* **Given entries**

───

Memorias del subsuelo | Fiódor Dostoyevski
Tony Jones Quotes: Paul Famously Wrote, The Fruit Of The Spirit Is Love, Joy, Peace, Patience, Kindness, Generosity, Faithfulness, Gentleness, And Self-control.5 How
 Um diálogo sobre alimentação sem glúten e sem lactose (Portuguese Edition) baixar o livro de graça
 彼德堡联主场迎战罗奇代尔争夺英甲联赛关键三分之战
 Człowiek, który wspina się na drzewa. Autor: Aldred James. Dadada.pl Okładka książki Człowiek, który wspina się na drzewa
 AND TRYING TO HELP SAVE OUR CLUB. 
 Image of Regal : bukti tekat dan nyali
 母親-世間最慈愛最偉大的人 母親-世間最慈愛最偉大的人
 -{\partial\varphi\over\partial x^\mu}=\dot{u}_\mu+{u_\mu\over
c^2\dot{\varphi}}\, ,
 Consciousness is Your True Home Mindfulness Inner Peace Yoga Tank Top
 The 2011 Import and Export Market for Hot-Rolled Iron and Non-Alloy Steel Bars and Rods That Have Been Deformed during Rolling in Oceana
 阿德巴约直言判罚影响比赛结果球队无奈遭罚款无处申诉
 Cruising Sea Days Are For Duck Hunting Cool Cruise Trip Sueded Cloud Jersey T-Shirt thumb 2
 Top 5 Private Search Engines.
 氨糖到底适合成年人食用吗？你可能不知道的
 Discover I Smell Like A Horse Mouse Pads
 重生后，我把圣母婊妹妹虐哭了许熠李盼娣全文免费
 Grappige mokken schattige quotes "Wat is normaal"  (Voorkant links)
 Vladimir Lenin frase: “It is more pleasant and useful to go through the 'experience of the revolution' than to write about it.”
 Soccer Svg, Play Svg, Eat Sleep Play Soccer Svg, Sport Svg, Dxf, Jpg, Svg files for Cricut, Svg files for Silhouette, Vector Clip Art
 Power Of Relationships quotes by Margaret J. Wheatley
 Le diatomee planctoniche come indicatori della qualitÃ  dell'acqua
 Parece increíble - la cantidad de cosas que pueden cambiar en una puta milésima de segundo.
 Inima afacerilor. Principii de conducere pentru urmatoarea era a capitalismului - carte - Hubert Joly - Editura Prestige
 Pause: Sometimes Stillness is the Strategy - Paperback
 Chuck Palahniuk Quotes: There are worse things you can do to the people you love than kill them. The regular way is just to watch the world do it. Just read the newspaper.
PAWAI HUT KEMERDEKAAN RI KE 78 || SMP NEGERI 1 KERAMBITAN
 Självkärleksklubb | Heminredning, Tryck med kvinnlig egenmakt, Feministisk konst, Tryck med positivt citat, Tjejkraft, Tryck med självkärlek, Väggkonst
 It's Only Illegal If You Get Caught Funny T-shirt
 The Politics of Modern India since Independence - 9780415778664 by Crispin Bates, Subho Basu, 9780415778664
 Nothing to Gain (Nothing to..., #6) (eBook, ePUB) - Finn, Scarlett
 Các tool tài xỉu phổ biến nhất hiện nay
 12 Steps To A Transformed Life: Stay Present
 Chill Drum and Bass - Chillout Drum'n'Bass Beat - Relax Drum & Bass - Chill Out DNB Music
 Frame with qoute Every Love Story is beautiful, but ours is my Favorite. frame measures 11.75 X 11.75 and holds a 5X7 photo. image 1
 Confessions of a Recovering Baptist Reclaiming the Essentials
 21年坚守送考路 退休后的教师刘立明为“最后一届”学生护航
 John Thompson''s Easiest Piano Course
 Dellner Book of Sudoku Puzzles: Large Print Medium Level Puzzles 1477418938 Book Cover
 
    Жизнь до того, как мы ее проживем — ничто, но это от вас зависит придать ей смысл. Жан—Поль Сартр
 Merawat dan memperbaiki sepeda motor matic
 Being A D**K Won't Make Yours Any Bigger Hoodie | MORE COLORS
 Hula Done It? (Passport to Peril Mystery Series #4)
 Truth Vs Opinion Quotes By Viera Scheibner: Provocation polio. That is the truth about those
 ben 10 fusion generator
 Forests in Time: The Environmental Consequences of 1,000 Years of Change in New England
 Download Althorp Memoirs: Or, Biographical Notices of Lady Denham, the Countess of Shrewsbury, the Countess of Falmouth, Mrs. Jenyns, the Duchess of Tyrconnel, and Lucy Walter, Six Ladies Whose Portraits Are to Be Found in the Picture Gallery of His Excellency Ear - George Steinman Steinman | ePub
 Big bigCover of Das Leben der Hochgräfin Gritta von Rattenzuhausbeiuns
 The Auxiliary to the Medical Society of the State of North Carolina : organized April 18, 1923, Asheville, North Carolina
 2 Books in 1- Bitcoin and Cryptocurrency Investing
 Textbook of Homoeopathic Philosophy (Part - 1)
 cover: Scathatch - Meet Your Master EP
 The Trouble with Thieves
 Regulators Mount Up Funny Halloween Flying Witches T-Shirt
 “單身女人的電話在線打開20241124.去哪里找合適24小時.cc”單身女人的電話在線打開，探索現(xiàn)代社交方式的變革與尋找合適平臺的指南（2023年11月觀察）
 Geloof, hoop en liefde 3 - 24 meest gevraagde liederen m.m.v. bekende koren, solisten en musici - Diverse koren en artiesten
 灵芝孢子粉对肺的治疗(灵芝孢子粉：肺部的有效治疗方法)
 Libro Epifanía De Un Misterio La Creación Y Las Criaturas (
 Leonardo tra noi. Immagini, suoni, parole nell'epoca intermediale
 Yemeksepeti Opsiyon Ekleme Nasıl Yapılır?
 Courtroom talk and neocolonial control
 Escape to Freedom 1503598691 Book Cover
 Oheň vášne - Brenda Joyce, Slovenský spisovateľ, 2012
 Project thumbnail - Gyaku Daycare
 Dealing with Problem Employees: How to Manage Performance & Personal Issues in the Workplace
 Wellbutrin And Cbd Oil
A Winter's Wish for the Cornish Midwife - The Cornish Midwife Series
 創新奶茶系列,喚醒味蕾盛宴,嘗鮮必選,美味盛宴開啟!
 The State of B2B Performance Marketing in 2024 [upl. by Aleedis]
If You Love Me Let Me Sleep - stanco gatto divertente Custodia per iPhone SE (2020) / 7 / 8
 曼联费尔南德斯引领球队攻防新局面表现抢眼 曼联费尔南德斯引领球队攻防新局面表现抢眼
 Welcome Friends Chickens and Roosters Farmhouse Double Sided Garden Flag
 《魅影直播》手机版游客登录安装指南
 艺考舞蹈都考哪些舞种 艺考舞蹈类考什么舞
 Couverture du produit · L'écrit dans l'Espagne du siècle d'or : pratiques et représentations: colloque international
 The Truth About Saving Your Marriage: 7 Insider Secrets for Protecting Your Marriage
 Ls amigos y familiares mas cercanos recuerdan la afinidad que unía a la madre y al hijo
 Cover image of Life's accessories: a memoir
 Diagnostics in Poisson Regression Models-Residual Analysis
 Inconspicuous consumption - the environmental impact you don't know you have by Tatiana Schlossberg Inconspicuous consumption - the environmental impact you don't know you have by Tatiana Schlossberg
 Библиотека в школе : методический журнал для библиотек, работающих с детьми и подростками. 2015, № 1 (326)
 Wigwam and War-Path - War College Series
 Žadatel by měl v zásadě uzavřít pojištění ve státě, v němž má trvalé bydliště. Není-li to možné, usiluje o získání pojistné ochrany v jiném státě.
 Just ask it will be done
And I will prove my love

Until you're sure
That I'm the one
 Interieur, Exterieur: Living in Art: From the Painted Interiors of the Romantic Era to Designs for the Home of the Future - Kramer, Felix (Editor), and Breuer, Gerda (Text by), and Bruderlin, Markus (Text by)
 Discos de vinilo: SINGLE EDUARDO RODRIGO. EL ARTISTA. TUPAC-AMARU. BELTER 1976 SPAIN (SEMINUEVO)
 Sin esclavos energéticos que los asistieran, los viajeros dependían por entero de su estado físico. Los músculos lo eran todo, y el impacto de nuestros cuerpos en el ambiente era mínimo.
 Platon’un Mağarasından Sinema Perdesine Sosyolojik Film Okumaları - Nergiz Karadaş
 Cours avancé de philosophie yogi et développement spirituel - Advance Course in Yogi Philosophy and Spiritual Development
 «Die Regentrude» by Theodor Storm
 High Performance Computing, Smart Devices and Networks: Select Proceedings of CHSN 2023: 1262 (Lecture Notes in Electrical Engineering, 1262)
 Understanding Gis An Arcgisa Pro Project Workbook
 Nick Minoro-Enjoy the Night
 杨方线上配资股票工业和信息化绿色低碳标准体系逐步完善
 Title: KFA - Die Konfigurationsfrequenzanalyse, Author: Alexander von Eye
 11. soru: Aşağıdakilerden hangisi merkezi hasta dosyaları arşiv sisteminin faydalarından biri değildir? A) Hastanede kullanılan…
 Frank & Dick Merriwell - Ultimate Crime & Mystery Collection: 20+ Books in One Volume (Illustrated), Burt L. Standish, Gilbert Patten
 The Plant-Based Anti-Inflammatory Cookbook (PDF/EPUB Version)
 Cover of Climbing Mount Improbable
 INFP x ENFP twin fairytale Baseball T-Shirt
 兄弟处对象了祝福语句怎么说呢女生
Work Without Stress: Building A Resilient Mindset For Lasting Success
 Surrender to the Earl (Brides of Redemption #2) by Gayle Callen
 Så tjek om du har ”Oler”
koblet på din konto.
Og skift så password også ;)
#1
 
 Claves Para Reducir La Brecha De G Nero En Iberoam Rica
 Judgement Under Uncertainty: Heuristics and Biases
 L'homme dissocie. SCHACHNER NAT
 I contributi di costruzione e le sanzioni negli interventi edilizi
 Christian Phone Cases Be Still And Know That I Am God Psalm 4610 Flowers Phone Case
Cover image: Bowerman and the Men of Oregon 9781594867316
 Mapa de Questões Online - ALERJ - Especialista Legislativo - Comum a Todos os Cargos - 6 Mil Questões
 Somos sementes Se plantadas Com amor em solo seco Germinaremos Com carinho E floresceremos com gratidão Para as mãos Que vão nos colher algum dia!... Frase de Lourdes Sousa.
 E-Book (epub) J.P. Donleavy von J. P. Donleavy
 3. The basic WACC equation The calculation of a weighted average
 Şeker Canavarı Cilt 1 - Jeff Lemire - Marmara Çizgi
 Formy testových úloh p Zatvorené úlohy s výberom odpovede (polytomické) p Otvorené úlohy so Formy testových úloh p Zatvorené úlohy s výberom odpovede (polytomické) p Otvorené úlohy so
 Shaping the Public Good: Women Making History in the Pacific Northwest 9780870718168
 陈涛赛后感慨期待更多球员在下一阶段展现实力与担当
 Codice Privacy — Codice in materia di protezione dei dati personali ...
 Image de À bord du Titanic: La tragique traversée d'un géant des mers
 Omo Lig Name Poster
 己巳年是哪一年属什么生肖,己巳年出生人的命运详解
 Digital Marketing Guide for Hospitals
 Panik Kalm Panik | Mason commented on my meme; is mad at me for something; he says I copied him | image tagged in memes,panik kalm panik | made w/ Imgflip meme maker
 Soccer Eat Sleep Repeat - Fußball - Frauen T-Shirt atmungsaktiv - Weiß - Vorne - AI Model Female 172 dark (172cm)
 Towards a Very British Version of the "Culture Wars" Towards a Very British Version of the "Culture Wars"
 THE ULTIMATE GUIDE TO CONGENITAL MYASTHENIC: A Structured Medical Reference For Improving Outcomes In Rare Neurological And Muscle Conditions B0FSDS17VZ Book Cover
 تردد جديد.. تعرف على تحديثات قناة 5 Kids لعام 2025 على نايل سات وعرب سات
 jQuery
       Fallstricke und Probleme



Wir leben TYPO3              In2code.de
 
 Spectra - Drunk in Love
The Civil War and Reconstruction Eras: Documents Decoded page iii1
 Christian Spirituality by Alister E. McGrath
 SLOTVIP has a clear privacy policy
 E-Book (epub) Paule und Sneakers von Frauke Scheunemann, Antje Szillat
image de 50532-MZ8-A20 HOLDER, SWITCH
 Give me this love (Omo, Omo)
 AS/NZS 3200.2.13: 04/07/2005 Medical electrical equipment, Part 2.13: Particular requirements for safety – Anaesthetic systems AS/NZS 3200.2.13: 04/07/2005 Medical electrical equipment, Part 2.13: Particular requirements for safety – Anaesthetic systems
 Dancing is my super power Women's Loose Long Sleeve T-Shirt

───

* **Aim of the task**
Above are the records; from them, give again exactly the lines from the one containing "Truth Vs Opinion" to the one containing "The State of B2B", both lines included, and nothing more.

* **Answer to the exercise**
 Truth Vs Opinion Quotes By Viera Scheibner: Provocation polio. That is the truth about those
 ben 10 fusion generator
 Forests in Time: The Environmental Consequences of 1,000 Years of Change in New England
 Download Althorp Memoirs: Or, Biographical Notices of Lady Denham, the Countess of Shrewsbury, the Countess of Falmouth, Mrs. Jenyns, the Duchess of Tyrconnel, and Lucy Walter, Six Ladies Whose Portraits Are to Be Found in the Picture Gallery of His Excellency Ear - George Steinman Steinman | ePub
 Big bigCover of Das Leben der Hochgräfin Gritta von Rattenzuhausbeiuns
 The Auxiliary to the Medical Society of the State of North Carolina : organized April 18, 1923, Asheville, North Carolina
 2 Books in 1- Bitcoin and Cryptocurrency Investing
 Textbook of Homoeopathic Philosophy (Part - 1)
 cover: Scathatch - Meet Your Master EP
 The Trouble with Thieves
 Regulators Mount Up Funny Halloween Flying Witches T-Shirt
 “單身女人的電話在線打開20241124.去哪里找合適24小時.cc”單身女人的電話在線打開，探索現(xiàn)代社交方式的變革與尋找合適平臺的指南（2023年11月觀察）
 Geloof, hoop en liefde 3 - 24 meest gevraagde liederen m.m.v. bekende koren, solisten en musici - Diverse koren en artiesten
 灵芝孢子粉对肺的治疗(灵芝孢子粉：肺部的有效治疗方法)
 Libro Epifanía De Un Misterio La Creación Y Las Criaturas (
 Leonardo tra noi. Immagini, suoni, parole nell'epoca intermediale
 Yemeksepeti Opsiyon Ekleme Nasıl Yapılır?
 Courtroom talk and neocolonial control
 Escape to Freedom 1503598691 Book Cover
 Oheň vášne - Brenda Joyce, Slovenský spisovateľ, 2012
 Project thumbnail - Gyaku Daycare
 Dealing with Problem Employees: How to Manage Performance & Personal Issues in the Workplace
 Wellbutrin And Cbd Oil
A Winter's Wish for the Cornish Midwife - The Cornish Midwife Series
 創新奶茶系列,喚醒味蕾盛宴,嘗鮮必選,美味盛宴開啟!
 The State of B2B Performance Marketing in 2024 [upl. by Aleedis]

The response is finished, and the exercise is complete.